1 points by va9 13 years ago · 5 comments · 1 min read


I manage around 70 people in very high level. There are managers who stands the floor to get the actual work done. I just go on daily meetings, just once in a day to understand where a job stands and give them directions.

When I walk around floors, recently, I started hearing "do that way, steve will catch you." I think this statements are not healthy. So my team is working properly just because I catch them in review calls. This isnt correct, right?

I am sure I listen to them when they say things sensible. I made sure I never run beurocratic team management. Is this is normal? How can I put the "I too own the product" mindset in my team just not because team is performing that their boss asked them to do.

pif 13 years ago

IMHO, people will feel that they "own" the product when they'll really _own_ the product! I mean, when they'll have some freedom in how to do their work, when they'll be sincerely requested their opinion before taking decisions and when they'll participate in the financial benefits and risks. If you pay a fixed salary to someone to do the work you dictate him, you'll have a subordinate, not an associate. Just to be clear, I don't consider wrong or reductive at all to offer a fixed salary; it's just that a co-founder and an employee are in a different situation: a co-founder shares your goal (success for the company), while the employee has his own goal (more money and better conditions for him) which only partially are based on the overall success of your business.

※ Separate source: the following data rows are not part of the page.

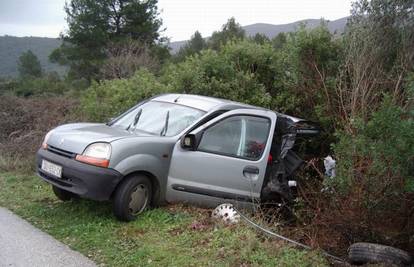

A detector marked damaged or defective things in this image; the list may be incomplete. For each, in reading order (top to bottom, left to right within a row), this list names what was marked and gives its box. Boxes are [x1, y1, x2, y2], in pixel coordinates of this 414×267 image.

damaged car [36, 94, 320, 222]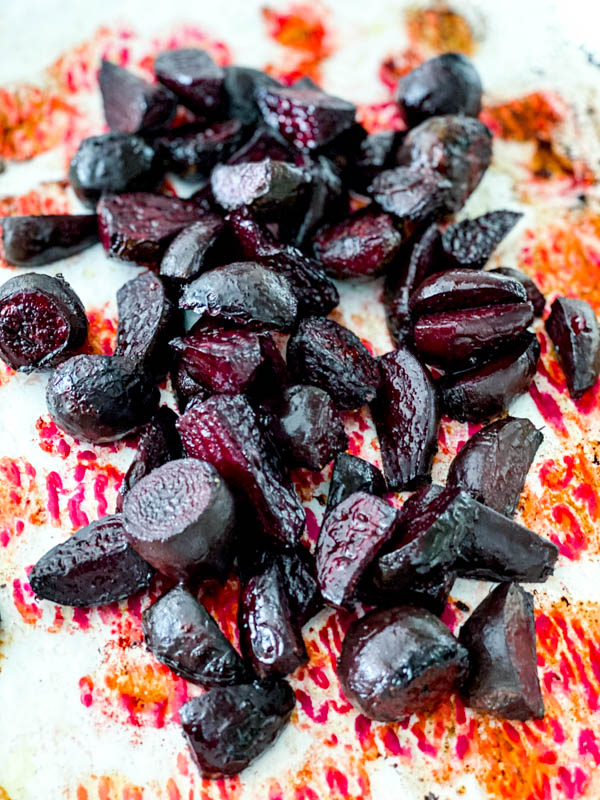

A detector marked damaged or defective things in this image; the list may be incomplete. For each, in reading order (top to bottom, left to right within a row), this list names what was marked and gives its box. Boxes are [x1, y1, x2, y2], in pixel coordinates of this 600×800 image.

charred beet edge [99, 59, 176, 133]
charred beet edge [69, 132, 162, 208]
charred beet edge [1, 214, 99, 268]
charred beet edge [0, 272, 87, 372]
charred beet edge [30, 512, 152, 608]
charred beet edge [46, 354, 159, 444]
charred beet edge [115, 270, 176, 380]
charred beet edge [122, 456, 237, 580]
charred beet edge [177, 392, 308, 548]
charred beet edge [288, 316, 380, 410]
charred beet edge [318, 490, 398, 608]
charred beet edge [370, 348, 440, 490]
charred beet edge [446, 416, 544, 516]
charred beet edge [544, 296, 600, 398]
charred beet edge [141, 580, 248, 688]
charred beet edge [238, 560, 308, 680]
charred beet edge [338, 608, 468, 724]
charred beet edge [460, 580, 544, 720]
charred beet edge [182, 680, 296, 780]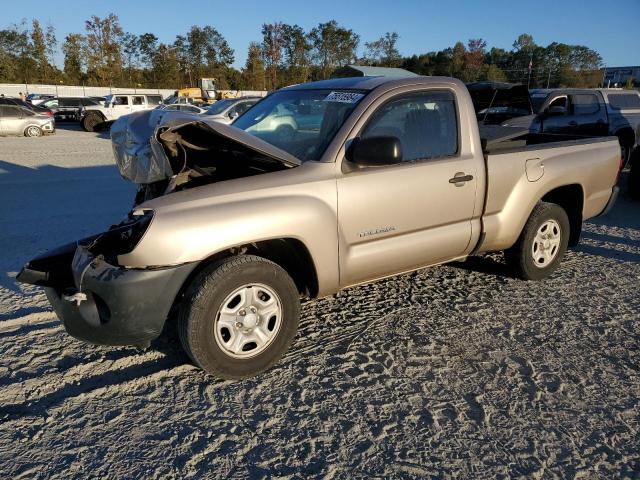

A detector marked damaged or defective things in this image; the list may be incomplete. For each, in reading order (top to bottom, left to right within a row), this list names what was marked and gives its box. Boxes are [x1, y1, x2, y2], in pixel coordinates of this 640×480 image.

rachelbythebay 13 years ago

It's not clear what your people are saying ("do that way"?) so it's not easy to say what might be going on. Please clarify.

  • va9OP 13 years ago

    I mean to say, suppose they have to finish a document. Now due to the time factor they are "making-up" something to achieve the deadline. They know they are "intentionally" missing something. Due to the fact they know I will catch the missing thing or "improper" document they say to other peers. "Don't miss it, Steve will catch you". Now this is okay that the document ends up to be expected one. But the mindset of someone will catch me if I miss it -- is this is normal? What if I fail to attend such daily meetings in future. At some point, once they realize, I am no more there to review them they will no longer producing "perfect" ones. Or I am doing lot of baby-sitting that made my team so dump they just follow my lines. Kind of have some thoughts around how to manage such team would be great to hear.

    • rachelbythebay 13 years ago

      Okay, that helps. Thank you.

      What I'm getting from you is that your employees seem unable or unwilling to accomplish their jobs by themselves. You are constantly cleaning up after them, and worry about what's going to happen once you stop doing that. Will they pick up the slack or will they start producing substandard output?

      Unfortunately, in my experience, there's only one way to find out, and that's to just disconnect and let things revert to their true output levels. Without you artificially propping things up, you should be able to see what they are able to produce. If this isn't enough to make you happy, well then, you have to do something about that.

      I say this because I've been witness to a phenomenon some people dubbed the "cone of influence". Some people were buoyed up by the presence of a much stronger coworker in their area. That person was responsible for helping them accomplish many of the harder tasks they encountered. When that person was later removed from the team, not only did that person's direct contributions vanish, but the remaining team members also lost effectiveness.

      It sounds like you might be providing one of those cones.